Why do you think that Jesus of Nazareth came up out of that water into which God breathed and God spoke and said you are mine and you are beloved? He came to show us how to live in a world where darkness threatens so that we would not succumb to it. He came to show us how to shine the light into the darkness and to seek the truth, and he came to tell us that beautiful truth that we are beloved, too. And because we are beloved, we are beholden to one another. It’s not just about us. We are rooted in community and are to seek the welfare of others because they are beloved, too.
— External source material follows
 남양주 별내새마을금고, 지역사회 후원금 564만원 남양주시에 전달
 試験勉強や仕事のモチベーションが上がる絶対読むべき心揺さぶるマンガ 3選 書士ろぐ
And sometimes seeking their welfare means just telling the truth. Sometimes that’s how we help them resist being dragged into the darkness or even how we pull them out of the darkness the way the Samaritan pulled that left-for-dead man out of the ditch. Sometimes that’s doing what our Presiding Bishop Michael Curry calls being an agent of love in the world. That’s doing something about healing the wounds in our world.
At the end of Jesus’s story, the end of his time on earth, he gave himself up to death rather than to engage in violence. He had just told his disciples that he was the truth. That he was the life. That he was the way. And they said, but we don’t know the way. And Pilate said to him, “What is truth?”
But he showed them, again and again; he told them the stories again and again, that love means building up and not tearing down, that we are to carry the light of God into the dark places in our world, that the truth is what finally will set us free.
Today as we remember Jesus’s baptism, we remember our own baptismal vows that affirm our beliefs and direct us to worship and also call upon us to act: to persevere in resisting evil and to repent when we fall into sin; to proclaim the Gospel by word and deed; to seek and serve Christ in our fellow human beings and love our neighbors as ourselves; to strive for justice and peace and respect the dignity of every human being.
And so, beloveds, because of our baptism we have what we need to go out into the world to turn on the light of truth and to shine that light into the darkness of lies and power mongering and self-centeredness and hate and violence. We have what we need to go out and be agents of love, speaking truth, carrying the light of Christ.
May God give us the courage to do it.